Ecco, questa è la mia lealtà.
Si chiama finzione.
Non mi appartiene, non mi piace, ma è inevitabile.

3 febbraio 2010, 13:06
Venice quiz

Ancora a proposito della serie sulle case (vedi qui). Non so cosa debba scrivere, immagino qualche parola introduttiva su Venezia (ma ce n’è bisogno?!?), fatto sta che mi comincia a chiedere come si chiamano in italiano (la sua idea è che in un articolo dall’Italia bisogna sempre mettere qualche parola in italiano: è più cool) tutti i tipi di imbarcazioni: le gondole, le barche a motore, i vaporetti, gli aliscafi (ma qui si impunta perché vuole parlare delle imbarcazioni che ti portano dall’aeroporto a Venezia città e, sostiene: “Those are not aliscafi!”). Io taccio, spero solo che non mi faccia altre domande. Invece no, ora vuole dettagli sulle navi da crociera. Mi sembra di stare dentro a un quiz perenne e allucinante, mi mancano solo le cuffie in testa.

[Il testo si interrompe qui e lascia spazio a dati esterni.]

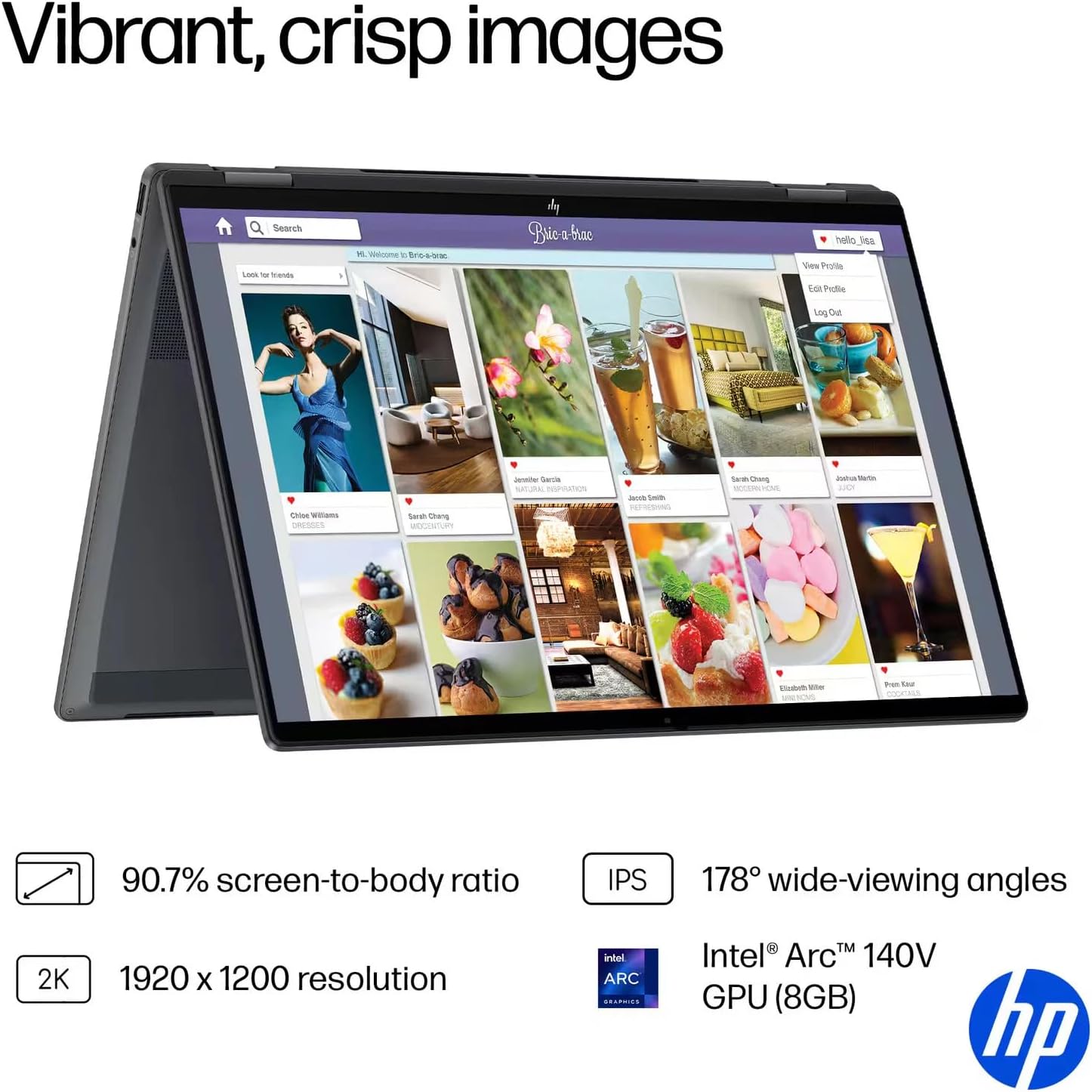 Detalle de HP 2-in-1 laptop, 16-inch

P.s. mentre scrivo queste cose, siamo già al livello successivo: siccome il padrone di casa è di Belluno, vuole sapere come si chiamano le Alpi in quella zona, glielo dico, vuole vedere sulla mappa, glielo faccio vedere, vuole anche sapere perché si chiamano Dolomiti… non la finiremo mai.

3 febbraio 2010, 15:07
Equazioni immobiliari

La questione Venezia non è ancora finita.
Ieri voleva capire se l’importo pagato per la casa era o no alto, quindi gli ho cercato prezzi al metro quadro su Venezia, ma poi l’acquisto era del 1996 e allora bisognava verificare la crescita dei prezzi dal 1996 al 2009 (il 104%, se qualcuno volesse saperlo), ma poi bisognava distinguere tra prezzi al centro e in periferia…
Stamattina è arrivato e la prima cosa che ha fatto è stato calcolare il valore della casa in lire perché all’epoca in cui fu acquistata non c’era l’euro, poi ha iniziato tutti gli altri calcoli del caso per convertire le lire in yen nell’anno domini 1996.

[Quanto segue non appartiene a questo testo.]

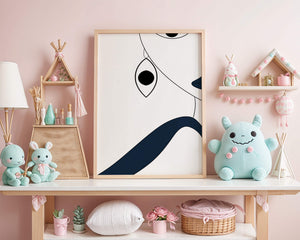 Abstract Minimalist Art with Geometric Shapes and Earring Detail - Mi tienda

*Lavoro per un giornale giapponese, ma in Italia. Non parlo giapponese, ma passo le giornate a discutere con un giapponese: il mio capo. Ne ho cambiati diversi, eppure molte questioni sono rimaste le stesse. Ce n’è una, poi, a cui proprio non so dar risposta: che ci faccio qui? (senza scomodare Chatwin per carità)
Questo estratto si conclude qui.